国内外の7000件以上にのぼる導入事例に基づいたグローバルなノウハウと、人材をベースにしたコンサルティングサービスを用意。デジタルマーケティングの観点から、既存のシステムおよび組織の評価に加えて、業務プロセスの最適化などを通じて、企業のデジタルトランスフォーメーションの実現を支援する。
2つ目は、新たな人材育成サービス「アドビデジタルマスターズワークショップ」を開始する。豊富な知識と専門性を持つコンサルタントおよびトレーナーが、ウェブ制作の基礎知識とデータ分析の基礎などを教える「ジェネラルトレーニング」と、データ分析やパーソナライゼーションなどの専門知識を習得するためのプロフェッショナルトレーニングを提供。企業のデジタルトランスフォーメーションの早期実現を支援する。
すでに、丸井との協業を発表しており、同社はWebコンテンツ管理ソリューションAdobe Experience ManagerとパーソナライゼーションソリューションであるAdobe Targetを採用。迅速なコンテンツの制作と配信およびデジタルマーケティングの知見を社内に蓄積するための取り組みを始めた。
「個別の企業に最適化したメニューを用意する。今後は、幅広い企業に向けて、社内人材の育成を支援する仕組みを提供していく。デジタルにおける顧客体験を向上させることが企業にとって、重要な経営課題となっている。この2つの取り組みを通じて、人材育成と戦略立案の観点から、企業のデジタルトランスフォーメーションを支援することになる」(佐分利氏)

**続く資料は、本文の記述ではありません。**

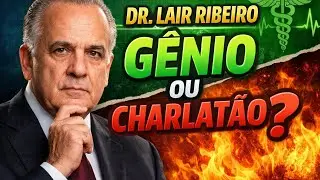 Dr. Lair Ribeiro: G&ecirc;nio da Sa&uacute;de ou Charlat&atilde;o?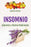 INSOMNIO. Alimentos y Plantas Medicinales: Conoce TODO sobre el insomnio, y aprende cómo tratarlo con la alimentación, con zumos, con hierbas medicina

アドビシステムズが、日本市場で行った消費者動向調査「Adobe Digital Survey 2017」では、ブランド企業がウェブやSNSなどの複数チャネルを効果的に活用し、消費者との接点を増やすことが、ブランドの対する信頼度を高めることになるとの結果が出ている。

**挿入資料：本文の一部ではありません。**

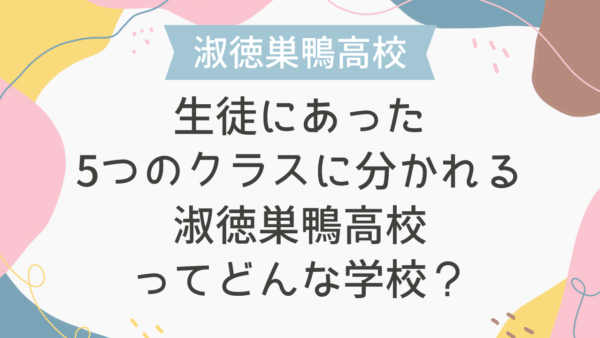 生徒にあった5つのクラスに分かれる淑徳巣鴨高校ってどんな学校？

「これまではデジタルは信用できないという評価であったものが、いまでは多くのデジタル体験を提供している企業が信頼されている。また、金融機関では、メインバンクを変えた理由として、金利が有利だからが38.0%を占めたのに対して、オンラインサービスが使いやすいからという回答は37.3%に達し、金利と同じぐらいにデジタル化が重要視されている」(佐分利氏)
また、家電、家具、洋服のすべての商品カテゴリーで、ブランドとの最初のタッチポイントは、店頭が多い傾向があるが、情報収集の手段や検討時に影響を及ぼす情報源は、年代を問わず、WebやSNSが最も高い割合を占めたという。こうした市場環境の変化も、企業がデジタルトランスフォーメーションに乗り出さざるを得ない理由のひとつとなっている。
「企業は大きな変革のなかにある。それを破壊と捉えるのか、アドバンテージと捉えるか。企業は重要な判断を求められている」と佐分利氏は話す。だが、日本におけるAdobe Experience Cloudの認知度向上や、Adobe Experience Cloudにはない機能を補完するためのエコシステムの強化といった課題もある。
果たして、日本においてAdobe Experience Cloudのビジネスをどんな成長曲線で立ち上げることができるのか。これが、アドビの日本における成長を左右することになる。